Net, batch bindless (http://developer.download.nvidia.com/opengl/specs/GL_NV_vertex_buffer_unified_memory.txt) means less wasted time on the CPU (just submitting batches) and less wasted time on the GPU (due to the resulting pipeline "bubbles" and through sending more irrelevant instanced "cruft" down the pipe than you need to, which the GPU is just going to throw away, after wasting cycles on it).


Indeed, bindless has essentially nothing to do with GPU and everything to do with CPU inefficiency.
If you discount the time the GPU is just sitting there twiddling its thumbs waiting on the CPU (which I don't/can't), then you are correct (...when talking about batch bindless (http://developer.download.nvidia.com/opengl/specs/GL_NV_vertex_buffer_unified_memory.txt) specifically).


Instancing...in essence, ... has nothing to do with batch submission overhead (ie: calling gl*Pointer) and has everything to do with state change overhead.
If that were true, we would always just call glDrawElements or similar in a loop. But we don't. Why? Batch overhead. The more we can give the GPU to chew on at once, the less chance it'll be waiting on the CPU. And the more CPU time we'll have left over to do other things.

(...well, assuming you're not eating bunches of CPU memory bandwidth transferring huge amounts of data to the GPU every frame.)



As to the latter (reduced culling efficiency)...
I don't see how culling is more or less efficient with instancing. Unless you're doing instancing by just rendering all instances all the time...
In the simplest case for static instances, that's exactly what you'd like to do: here's a list of things -- just draw them. That way you can put the batch data on the GPU and just leave it there. Cheap, fast draw submission. Though if you let instance groups get too big, this flies in the face of LOD and culling efficiency which can net you a loss without careful balancing. Which brings us to...


...you're presumably using a streaming buffer object to upload an instance list to the GPU every frame, or at least every other frame. Can't you do your culling when building this list?
Similar to what Rob was recently describing with his "streaming VBO" write-up. No, not yet. But given the LOD/cull shortcomings of static instancing, in cases where instancing ("copies of something") is what we want, we may end up doing something like this. (Though it's not without its problems. The cull and LOD state of the instance group can totally change in one frame in our world.)

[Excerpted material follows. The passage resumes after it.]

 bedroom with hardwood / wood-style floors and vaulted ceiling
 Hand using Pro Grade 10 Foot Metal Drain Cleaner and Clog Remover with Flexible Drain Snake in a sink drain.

However, there are many other circumstances (complex scenes) where instancing is just hammering in a screw. This is where batch bindless (http://developer.download.nvidia.com/opengl/specs/GL_NV_vertex_buffer_unified_memory.txt) is the most useful. No pipeline/engine contortions. Just get rid of the pointless CPU overhead so we can push more varied content.

Alfonse Reinheart
03-21-2010, 05:09 PM
I said instancing is a useful tool, but it is not a silver bullet.

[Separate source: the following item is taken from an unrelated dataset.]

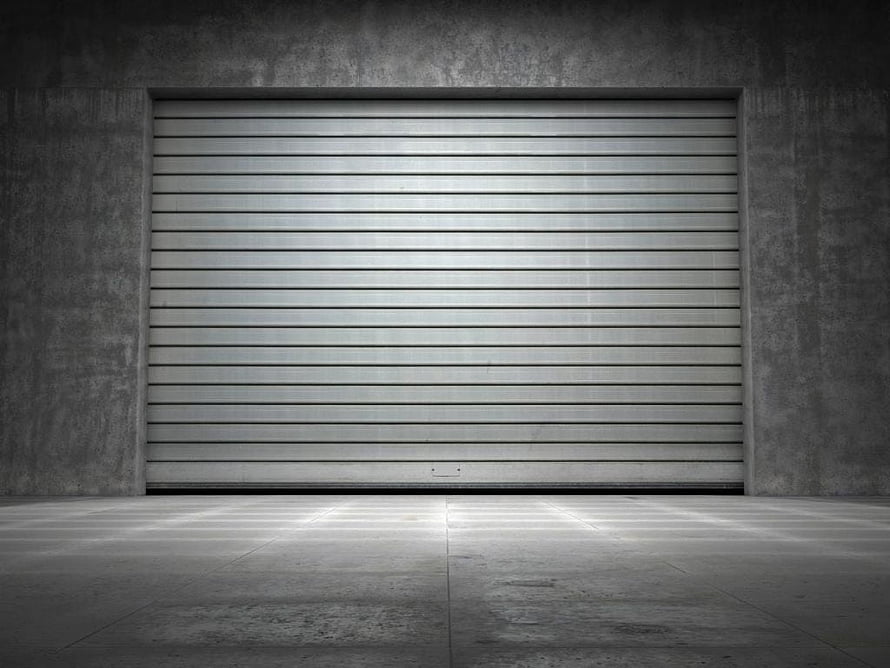 Minimalist Concrete Garage Interior With Closed Metal Roller Door HD wallpaper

That's why I don't understand why you brought it up; nobody ever claimed instancing was a silver bullet or that bindless wasn't more general-purpose.


If you discount the time the GPU is just sitting there twiddling its thumbs waiting on the CPU (which I don't/can't), then you are correct (...when talking about batch bindless specifically).

Even so, it is important to denote the actual source of the problem, not the apparent source. And as you point out, the actual problem is the CPU, not the GPU.

And why are you unable to test CPU time?


If that were true, we would always just call glDrawElements or similar in a loop. But we don't. Why? Batch overhead.

Except that "calling glDrawElements or similar in a loop" is not instancing. Without some kind of state change between glDrawElements calls, you will be drawing the exact same thing each time, which is not particularly useful. The purpose of instancing is to remove the state change overhead for the state changes necessary to do instanced rendering.

It has nothing to do with the overhead of glDrawElements itself and everything to do with the overhead of glBindTexture, glUniform, and other state changes.

Dark Photon
03-21-2010, 05:54 PM
I said instancing is a useful tool, but it is not a silver bullet.
That's why I don't understand why you brought it up; nobody ever claimed instancing was a silver bullet or that bindless wasn't more general-purpose.
"Stephen A" said:

Why are bindless graphics superior to geometry instancing?
which precipitated the whole instancing vs. bindless discussion. Hopefully this has clarified it for him.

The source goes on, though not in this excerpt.